Circuit type: DC two-wire, single-phase, or three-phase.

Using Table 8 Directly: Resistance Method

This is the most straightforward method.

For a DC two-wire circuit or single-phase two-wire circuit:

VD=  (2×I×D×R) / 1000

Where:

VD = voltage drop, in volts

2 = outgoing and returning conductor path

I = current, in amperes

D = one-way distance, in meters or in feet

R = Table 8 conductor resistance in ohms per 1000 meters

Use meters if the distance is measured in metric or feet if the distance is measure in imperial units.

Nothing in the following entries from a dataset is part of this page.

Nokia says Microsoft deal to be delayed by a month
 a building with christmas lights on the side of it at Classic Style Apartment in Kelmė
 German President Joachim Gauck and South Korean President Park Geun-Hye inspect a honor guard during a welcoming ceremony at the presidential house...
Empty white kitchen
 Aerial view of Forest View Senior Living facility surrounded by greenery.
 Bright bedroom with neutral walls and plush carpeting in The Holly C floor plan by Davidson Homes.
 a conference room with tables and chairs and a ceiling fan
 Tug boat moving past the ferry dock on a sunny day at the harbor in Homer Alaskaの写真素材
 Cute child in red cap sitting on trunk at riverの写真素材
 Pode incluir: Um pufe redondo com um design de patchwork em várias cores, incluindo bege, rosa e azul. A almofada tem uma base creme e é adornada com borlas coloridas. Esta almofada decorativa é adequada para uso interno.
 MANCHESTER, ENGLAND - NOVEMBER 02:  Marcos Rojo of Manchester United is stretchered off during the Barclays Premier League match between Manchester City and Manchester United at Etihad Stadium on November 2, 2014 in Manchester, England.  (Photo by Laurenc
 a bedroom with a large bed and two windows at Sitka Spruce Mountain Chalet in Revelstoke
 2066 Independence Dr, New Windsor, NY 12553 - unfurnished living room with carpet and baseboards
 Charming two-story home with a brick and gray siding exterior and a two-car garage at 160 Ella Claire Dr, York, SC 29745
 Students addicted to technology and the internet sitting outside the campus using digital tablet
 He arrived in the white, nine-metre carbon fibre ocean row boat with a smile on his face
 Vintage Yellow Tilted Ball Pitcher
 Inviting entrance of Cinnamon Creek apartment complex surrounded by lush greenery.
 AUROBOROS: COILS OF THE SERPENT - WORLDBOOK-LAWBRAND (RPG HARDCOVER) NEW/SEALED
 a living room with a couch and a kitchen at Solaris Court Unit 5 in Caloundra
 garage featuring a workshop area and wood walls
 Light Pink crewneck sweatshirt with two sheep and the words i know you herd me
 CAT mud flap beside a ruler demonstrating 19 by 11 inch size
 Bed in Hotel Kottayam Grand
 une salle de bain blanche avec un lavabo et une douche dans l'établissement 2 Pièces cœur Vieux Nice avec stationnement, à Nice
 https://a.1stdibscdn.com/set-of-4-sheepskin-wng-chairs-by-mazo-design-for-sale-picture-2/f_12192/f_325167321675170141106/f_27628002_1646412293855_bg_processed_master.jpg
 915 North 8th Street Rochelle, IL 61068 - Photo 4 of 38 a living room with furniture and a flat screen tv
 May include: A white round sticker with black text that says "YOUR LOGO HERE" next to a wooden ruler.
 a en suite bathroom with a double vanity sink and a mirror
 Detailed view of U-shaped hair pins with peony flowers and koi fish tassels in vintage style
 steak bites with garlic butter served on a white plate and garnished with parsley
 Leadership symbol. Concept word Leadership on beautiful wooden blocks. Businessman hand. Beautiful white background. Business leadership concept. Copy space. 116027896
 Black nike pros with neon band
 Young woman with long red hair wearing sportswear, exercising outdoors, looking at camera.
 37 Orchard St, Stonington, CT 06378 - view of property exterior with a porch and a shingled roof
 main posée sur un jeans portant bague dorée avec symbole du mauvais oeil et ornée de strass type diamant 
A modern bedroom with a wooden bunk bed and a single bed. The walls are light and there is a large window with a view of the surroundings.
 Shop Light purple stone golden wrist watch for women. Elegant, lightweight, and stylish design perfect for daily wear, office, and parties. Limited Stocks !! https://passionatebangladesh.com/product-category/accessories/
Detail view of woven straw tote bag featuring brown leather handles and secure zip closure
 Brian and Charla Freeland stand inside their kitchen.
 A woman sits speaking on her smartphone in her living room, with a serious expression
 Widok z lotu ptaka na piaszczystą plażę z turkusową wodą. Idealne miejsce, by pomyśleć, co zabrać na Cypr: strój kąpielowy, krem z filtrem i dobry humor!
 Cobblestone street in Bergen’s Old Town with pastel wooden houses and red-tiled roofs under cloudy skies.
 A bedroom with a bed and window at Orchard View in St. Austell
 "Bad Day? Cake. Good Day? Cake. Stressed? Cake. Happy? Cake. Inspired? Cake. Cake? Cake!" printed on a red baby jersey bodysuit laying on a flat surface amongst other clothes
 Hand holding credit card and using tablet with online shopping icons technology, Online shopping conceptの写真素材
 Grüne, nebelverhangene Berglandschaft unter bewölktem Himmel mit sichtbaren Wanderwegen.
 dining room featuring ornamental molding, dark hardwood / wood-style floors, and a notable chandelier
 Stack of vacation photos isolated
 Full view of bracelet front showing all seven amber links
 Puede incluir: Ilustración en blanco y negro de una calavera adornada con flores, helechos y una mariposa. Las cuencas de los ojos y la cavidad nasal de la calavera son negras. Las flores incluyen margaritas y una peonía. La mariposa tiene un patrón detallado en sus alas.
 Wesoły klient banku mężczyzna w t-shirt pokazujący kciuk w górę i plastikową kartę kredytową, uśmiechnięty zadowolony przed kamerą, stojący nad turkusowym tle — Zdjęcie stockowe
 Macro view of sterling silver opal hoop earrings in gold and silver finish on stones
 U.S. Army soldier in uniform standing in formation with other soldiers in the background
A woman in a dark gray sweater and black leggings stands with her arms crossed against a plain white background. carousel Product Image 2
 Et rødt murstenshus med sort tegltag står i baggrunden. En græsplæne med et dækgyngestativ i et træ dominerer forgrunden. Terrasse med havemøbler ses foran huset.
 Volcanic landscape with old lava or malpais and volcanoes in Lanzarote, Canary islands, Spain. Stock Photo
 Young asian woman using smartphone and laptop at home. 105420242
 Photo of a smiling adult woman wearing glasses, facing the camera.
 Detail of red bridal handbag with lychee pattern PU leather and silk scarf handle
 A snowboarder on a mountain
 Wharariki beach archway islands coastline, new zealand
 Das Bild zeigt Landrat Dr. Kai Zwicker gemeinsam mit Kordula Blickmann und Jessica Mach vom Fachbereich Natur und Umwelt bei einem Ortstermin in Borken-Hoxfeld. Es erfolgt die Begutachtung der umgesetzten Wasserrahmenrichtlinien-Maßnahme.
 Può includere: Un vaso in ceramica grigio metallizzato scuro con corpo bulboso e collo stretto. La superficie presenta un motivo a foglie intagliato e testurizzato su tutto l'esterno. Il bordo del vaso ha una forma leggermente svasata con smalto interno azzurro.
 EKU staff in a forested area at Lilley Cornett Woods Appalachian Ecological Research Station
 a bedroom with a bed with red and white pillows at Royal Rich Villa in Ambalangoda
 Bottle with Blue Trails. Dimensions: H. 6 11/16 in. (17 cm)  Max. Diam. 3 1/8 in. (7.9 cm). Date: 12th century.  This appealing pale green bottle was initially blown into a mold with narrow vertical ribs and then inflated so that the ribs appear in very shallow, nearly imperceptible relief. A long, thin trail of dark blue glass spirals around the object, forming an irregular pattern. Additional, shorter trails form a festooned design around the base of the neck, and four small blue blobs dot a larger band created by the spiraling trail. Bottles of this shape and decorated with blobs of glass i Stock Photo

Very Important Rule: Do Not Mix Units

If the distance is in feet, use ohms per 1000 feet. If the distance is in meters, use ohms per 1000 meters

                ​

 Example: DC Voltage Drop Using Table 8, Imperial Distance

Problem

A 120 VDC circuit supplies a 20-amp load. The load is 300 feet from the source. The conductor is 4 AWG uncoated copper.

Find the voltage drop.

Step 1: Find 4 AWG copper in Table 8, Chapter 9 of the NEC

From Table 8:

4 AWG copper = 41,740 circular mils

4 AWG uncoated copper resistance = approximately 0.308 ohms per 1000 feet

Step 2: Use the imperial voltage drop formula

VD=    (2×I×D×R) / 1000

VD=( 2 x 20 x 300 x 0.308) / 1000       ​

                ​VD=3.696V

Step 3: Find percent voltage drop

%VD= (The voltage drop value you just found/ divided by the system voltage) x 100

%VD= (3.696 /120) x 100= 3.08%

The voltage drop is approximately: 3.7V The percentage voltage drop is approximately 3.1%

 Example: DC Voltage Drop Using Table 8, Metric Distance

Problem

A 120 VDC circuit supplies a 20-amp load. The load is 90 meters from the source. The conductor is 4 AWG uncoated copper.

Find the voltage drop.

Step 1: Find the metric resistance value

From Table 8, 4 AWG uncoated copper has a resistance of approximately: 1.010 Ω/km

Step 2: Use the voltage drop formula VD=(2×I×D×R) / 1000

VD= (2×20×90×1.010) / 1000= 3.636 Volts

                ​VD=3.636V

Step 3: Find percent voltage drop

%VD= (Voltage drop you just found / the system voltage) x 100

(3.636 / 120) x 100= 3.03        ​

%VD=3.03%

Answer

The voltage drop is approximately 3.64V. The percent voltage drop is approximately 3.0%

You can find an approximate three phase voltage drop using the same formula but with one change. Instead of using 2 in the formula, use 1.732. This will give you only an approximate line to neutral voltage drop. To find the actual line to neutral and line to line voltage drop on a three phase AC system, use the AC voltage drop formula that follow this explanation of DC voltage drop formulas. 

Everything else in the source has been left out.